No disrespect meant to you JAM. RDT has been down a lot lately. Server, website??? Can't be good for business.


----------



## TreednNC (Jul 1, 2005)

fluctuates with their customer service


----------



## pipe (Nov 10, 2009)

They are up and running at this moment.


----------



## dudeondacouch (Apr 6, 2010)

I know if I lived in Buxton, you'd have a hard time finding me on the internet as well.


----------



## drumchaser (Jan 14, 2003)

Latest fishing update was nov 8 but it's up.


----------



## Ryan Y (Dec 1, 2005)

TreednNC said:


> fluctuates with their customer service


Where's my like button?


----------



## BrentH (Jul 25, 2011)

Protip - don't use shared hosting for a forum.


----------



## sand flea (Oct 24, 1999)

BrentH said:


> Protip - don't use shared hosting for a forum.


+1. Getting a good host that'll give you the proper firepower costs more, but it's worth it in the long run. Shared resources--even for a small forum--is nothing but a PITA. I should know: I brought down all my neighbors in the early days (10 years ago) when P&S was on shared hosting.


----------



## BrentH (Jul 25, 2011)

sand flea said:


> +1. Getting a good host that'll give you the proper firepower costs more, but it's worth it in the long run. Shared resources--even for a small forum--is nothing but a PITA. I should know: I brought down all my neighbors in the early days (10 years ago) when P&S was on shared hosting.


Ditto that. When I first got into web development, I used to host my clients sites on a shared account. No good, especially if they're physical servers the services are running on.


----------



## Cdog (Mar 18, 2002)

dudeondacouch said:


> I know if I lived in Buxton, you'd have a hard time finding me on the internet as well.


If I lived in Buxton and had a business I wouldn't want my website crapping out every week...


----------



## TreednNC (Jul 1, 2005)

Ryan Y said:


> Where's my like button?


Come on now Ryan, drink some kool-aid.


----------



## GreenFord (Apr 11, 2009)

I see they are down again. Getting to be the regular thing with them.


----------



## JAM (Jul 22, 2002)

wdbrand said:


> No disrespect meant to you JAM. RDT has been down a lot lately.

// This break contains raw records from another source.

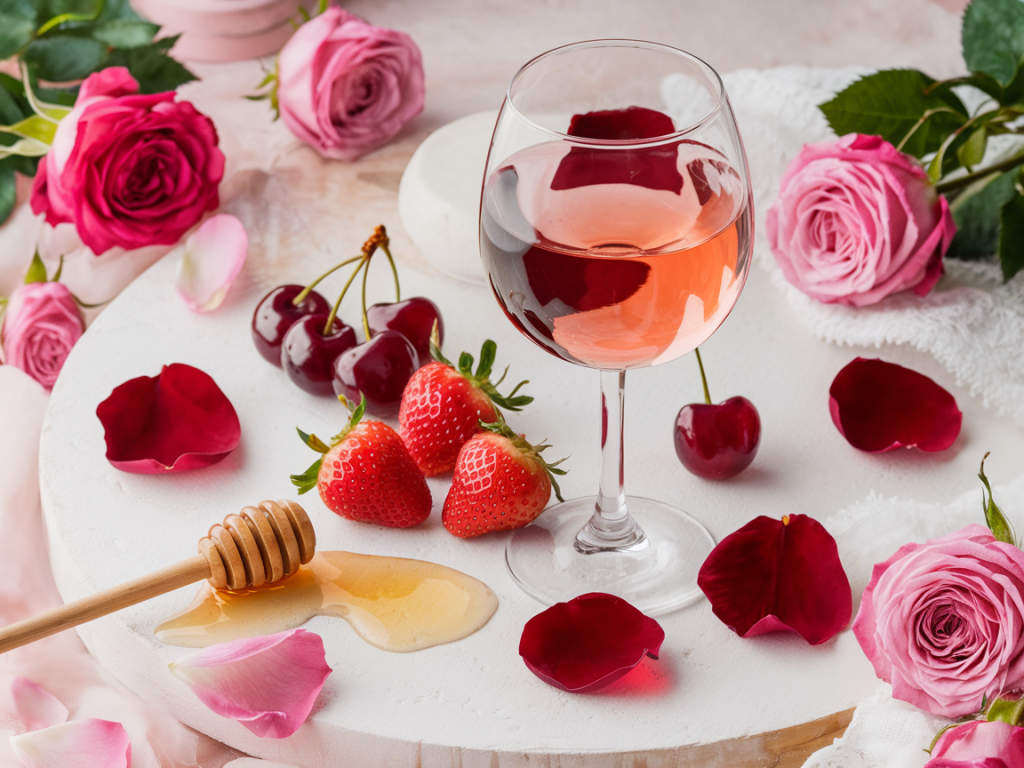 Frutas vermelhas e taça de rosé suave destacando aroma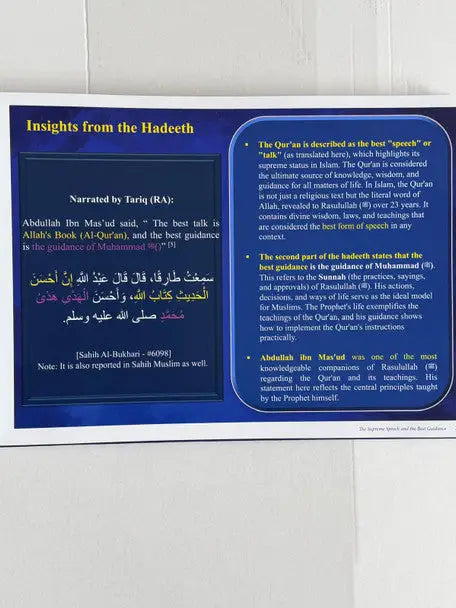 Blauwdruk informatieve poster met arabische en engelse tekst over islamitische leer in pursuit of divine insight product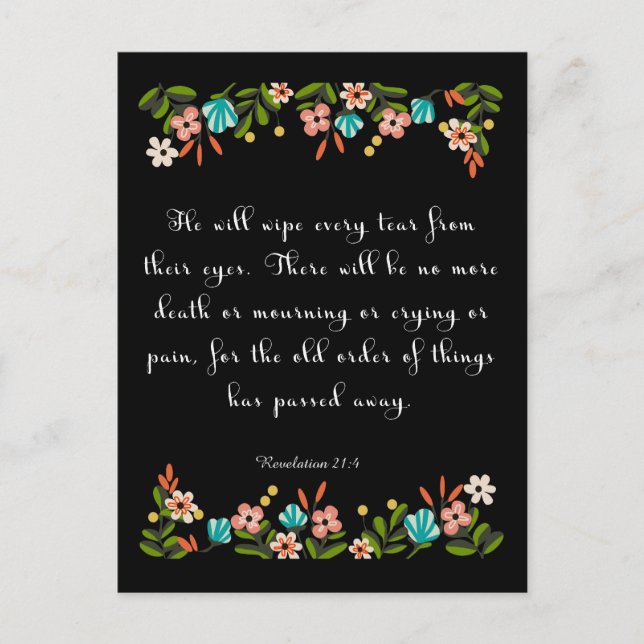 Förderung von Bibelversen Kunst - Offenbarung 21:4 Postkarte (Vorderseite)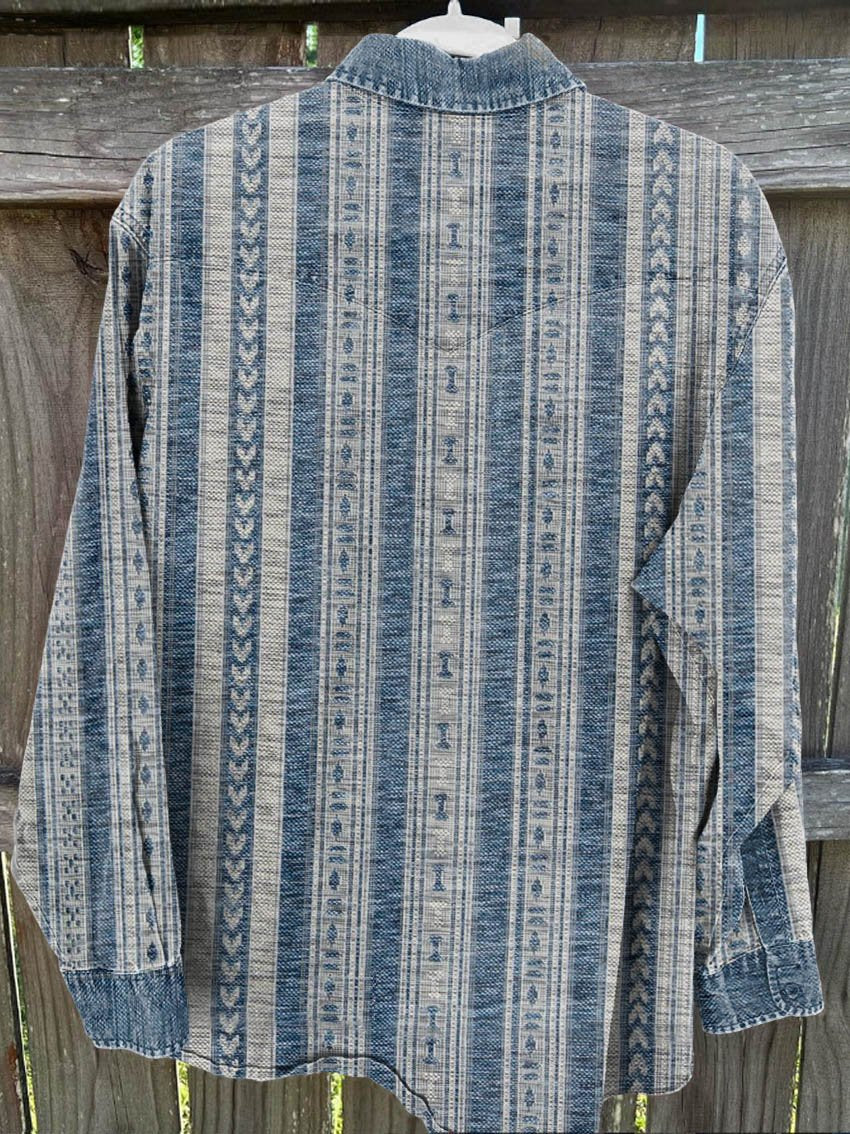 Men's Blue and Gray Stripes Vintage Stripe Print Casual Shirt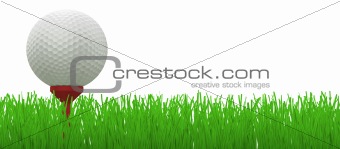 golf ball on red tee in grass - clipping path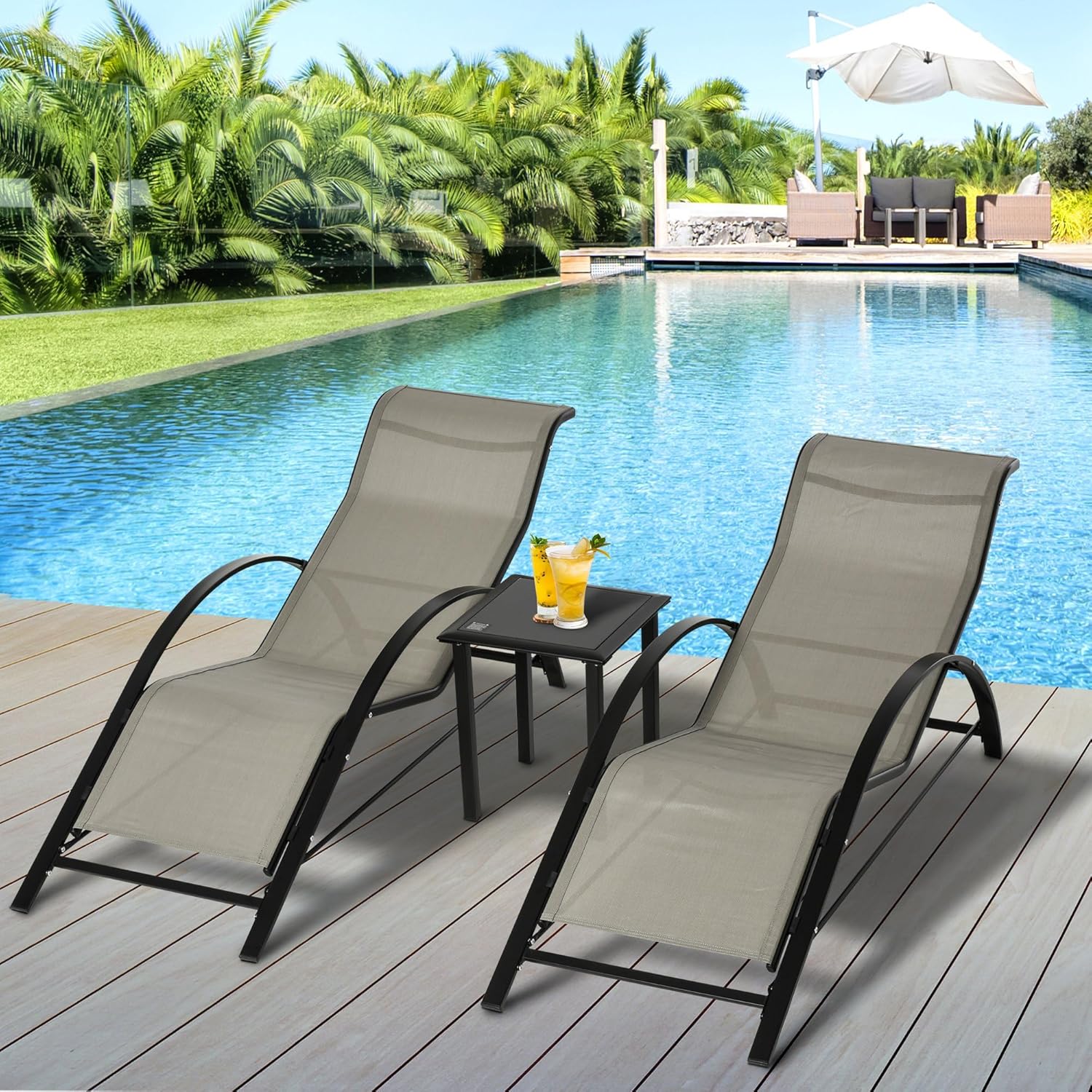 3 Piece Patio Recliner Chair Set with Glass Table Grey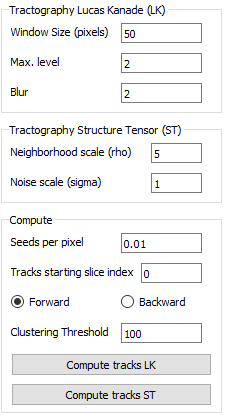 Tractography algo params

Server, website??? Can't be good for business.


WD can't be a disrespect to me I have not worked for them for 4 years now, I manage the Roost Bait and Tackle and have not a single thing to do with RDT anymore..We are the Competition, so it can be good for business, our business.... I would not buy AN IceCube from that Man.. JMHO....

Teach's is NEVER DOWN, we were back up 5 days after the storm.. 

JAM


----------



## surffshr (Dec 8, 2003)

JAM said:


> WD can't be a disrespect to me I have not worked for them for 4 years now, I manage the Roost Bait and Tackle and have not a single thing to do with RDT anymore..We are the Competition, so it can be good for business, our business.... I would not buy AN IceCube from that Man.. JMHO....
> 
> Teach's is NEVER DOWN, we were back up 5 days after the storm..
> 
> JAM


Don't know how Dan does it.


----------



## Drumdum (Jan 6, 2003)

To me FR&G gives a better feesh'n report anywho....


----------



## surffshr (Dec 8, 2003)

Drumdum said:


> To me FR&G gives a better feesh'n report anywho....


Brain has always been good when I have delt with him.


----------



## spydermn (Apr 26, 2009)

Seems they started having issues when they swithed to the new forum format/brand. I have to agree, I like the RDT site, but down way to often...


----------



## pipe (Nov 10, 2009)

Better get some comments in quick fellows.They are up and running.


----------



## dsurf (Aug 5, 2003)

surffshr said:


> *Brain* has always been good when I have delt with him.


Humm.....thinks that's Brian.....but he'd be flattered.


----------



## surffshr (Dec 8, 2003)

dsurf said:


> Humm.....thinks that's Brian.....but he'd be flattered.


"A" before I except after r. forgot the rule thanks


----------